Concrete, Carbon, Slag and Glass
Science fiction often portrays space stations and colonies as being made of bright, shiny metal (usually titanium). However, metal is a dreadful material. It's hideously conductive, being usually too hot or too cold, it attracts condensation, it's slippery and acoustically useless. Even worse, when ionised particles (such as the solar wind) hit metal, the metal emits secondary particle showers that add to the radiation dose. It's also not nearly strong enough to build very large structures. Happily, new materials have been discovered over the last decade that may help engineers to build greater structures than any yet seen.

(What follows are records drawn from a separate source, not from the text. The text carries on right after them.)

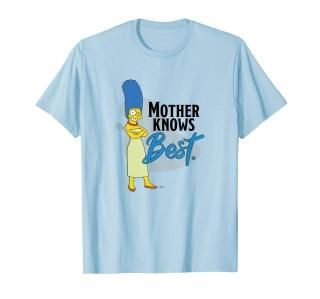 The Simpsons Marge Mother Knows Best T-Shirt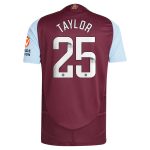 aston villa wsl adidas home authentic shirt 2024-25 with taylor 25 printing Collection | Aston Villa Football Kits and Shirts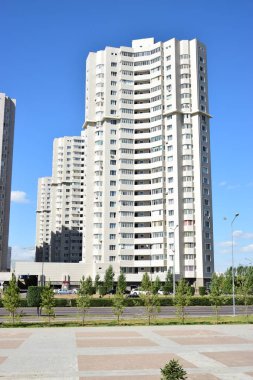 Modern Astana, Kazakistan başkenti bina konut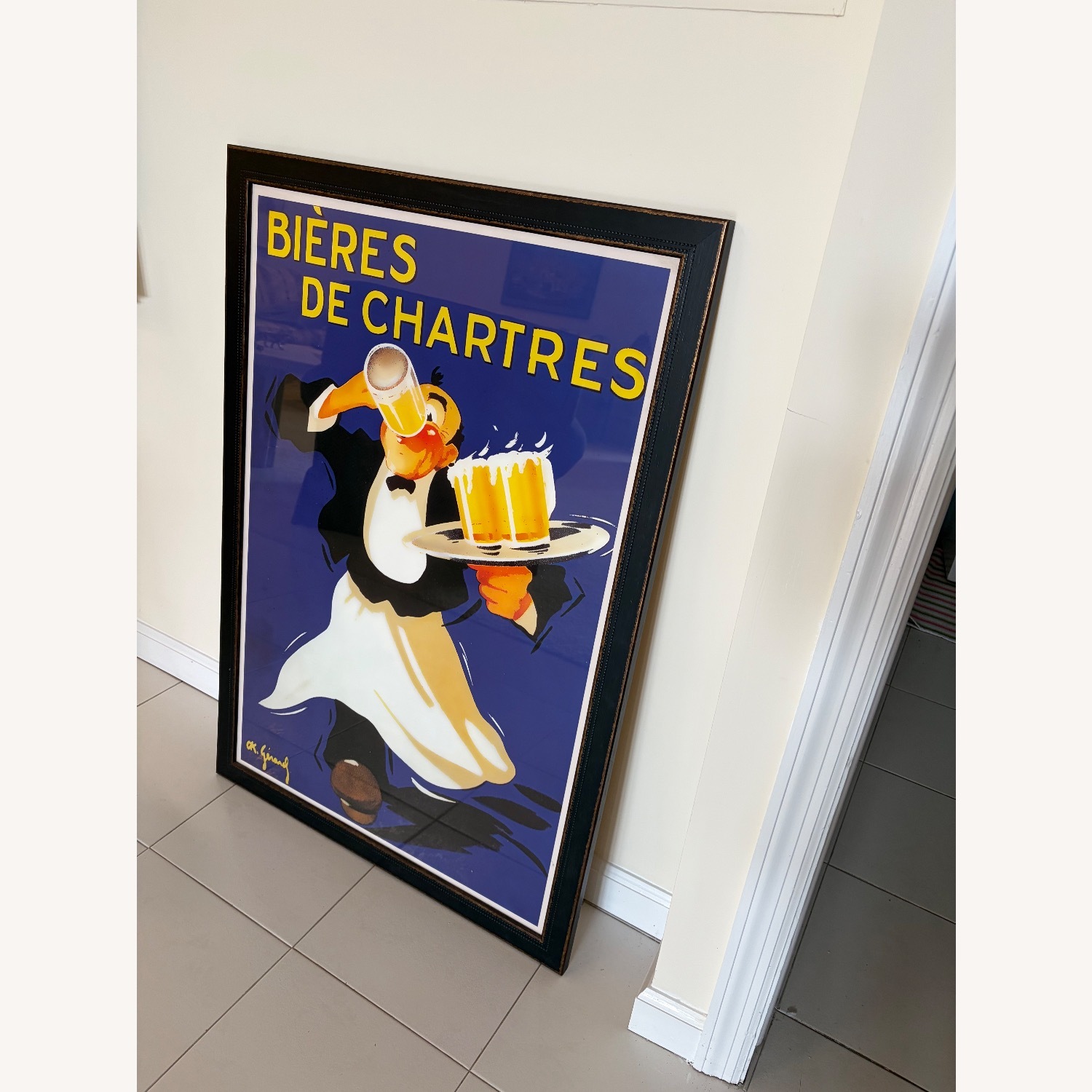 Vintage Beer Print Framed  - image-2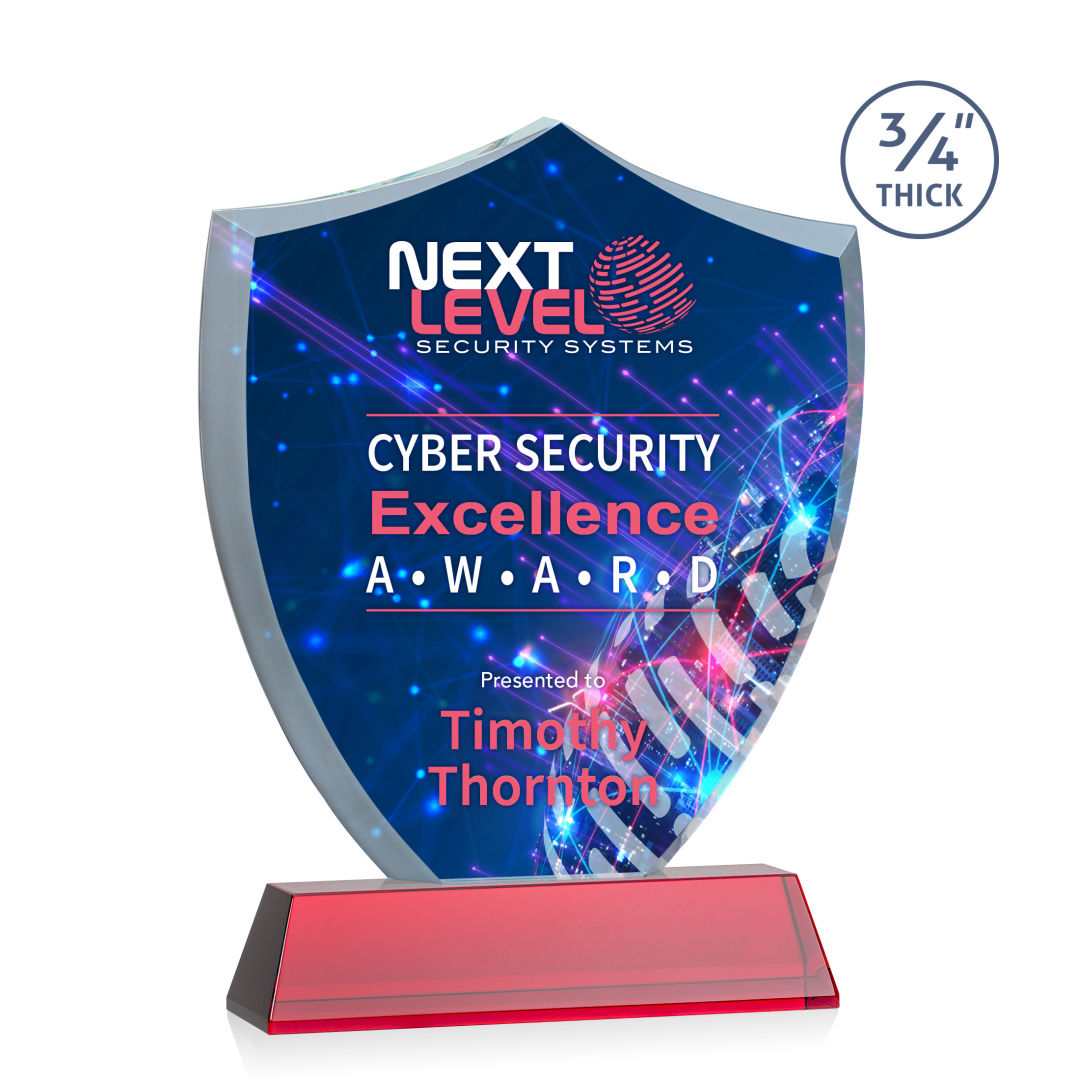Scudo Shield VividPrint™ Award on Newhaven - Red 9
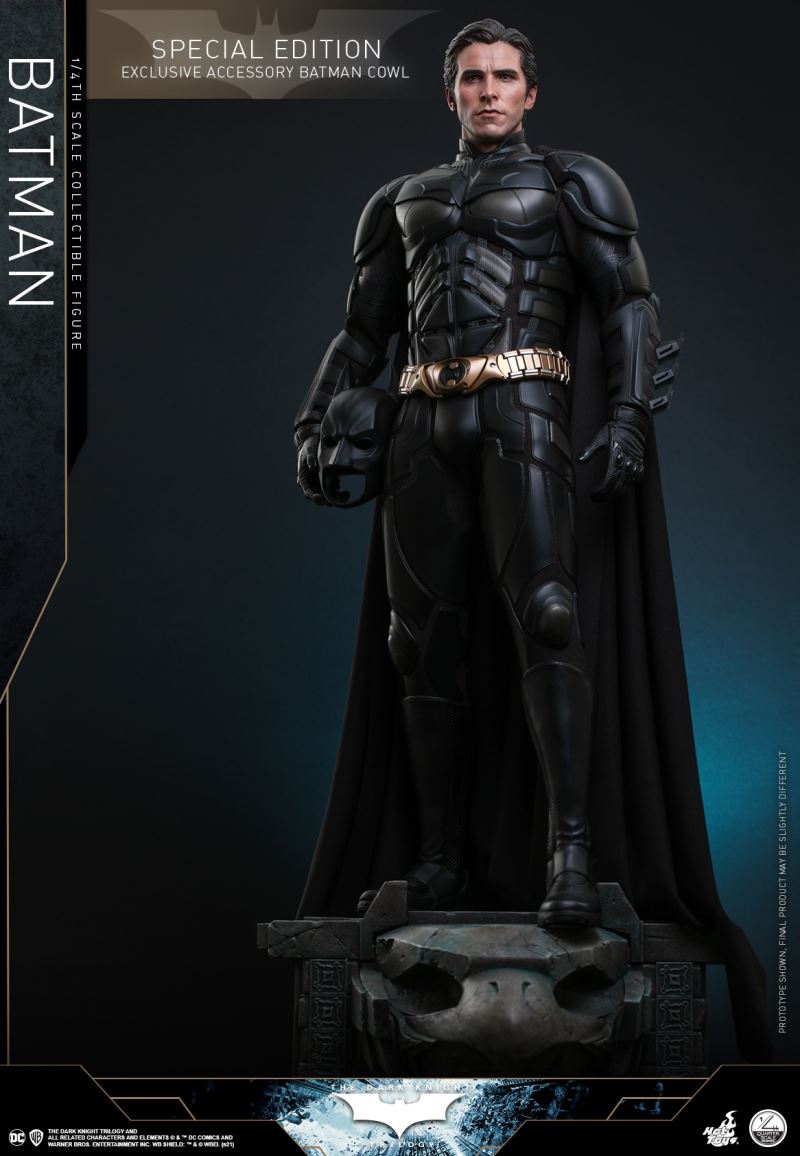 THE DARK KNIGHT TRILOGY BATMAN 1/4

New crystalline versions of carbon are incredibly strong, and would make a very effective skeleton to support the loads and strains of the colony. Also, readily available silicates, combined with the advantages of microgravity construction, would enable large amounts of high-purity glass to be made to the correct sizes. Even the rough slag left over from refinery processes could be used for radiation shielding. However, one of the most interesting advances is in good old concrete.
Concrete made from Lunar soil is much stronger than that made from terrestrial materials (the fine grained, very pure, sterile makeup of lunar soil is the reason for this). This kind of material should also be common on many asteroids, and would be a very useful resource. Building over a carbon crystal skeleton with reinforced lunar concrete would create a thermally stable, acoustically perfect environment that is also much more homely than bare metal and provides better radiation protection. Such a structure could last for literally thousands of years, whereas a metallic one couldn't hope to last beyond a century or so. A space colony will need to plan on these kinds of timescales, since their futures will be measured in generations rather than missions.
The environmental integrity of a colony is of paramount importance in the long-term viability of a colony. Water and oxygen reclamation have been pioneered by Russian missions, using simple technologies to achieve remarkable efficiency. The descendants of these techniques will be needed to keep the colony stable throughout its existence, and simpler techniques will be preferable. Also, a healthy biosphere will be necessary for the psychological health of its inhabitants. A lack of "natural" scenery has been linked to various phsychological disorders in heavily built-up areas (basically, we're programmed to recognise a certain range of environmental stimuli. Without them, we're subconsciously aware of "something wrong", without any conscious knowledge of what that might be). Also, many colonies are likely to be dedicated as ecological preserves, where populations of wild species can flourish, as well as agricultural colonies. The "Biodome" experiments of the last several years have shown that a closed environment is less stable when it is small. As a result, it's likely that only the larger colonies would have true "wild" environments, the smaller colonies making do with parks and orchards. One advantage of an artificial colony is that industrial and other "heavy duty" structures can be kept beneath ground level, with residences and open spaces dominating the greater part of the visible structure, making for a very pleasant environment in which to live.
The shape of a colony is dependant on several factors. Firstly, the structure must be strong, in order to maintain the structural integrity of the colony. Whether rotating or otherwise, the stresses produced by gravity generation will require strong shapes, as well as strong materials.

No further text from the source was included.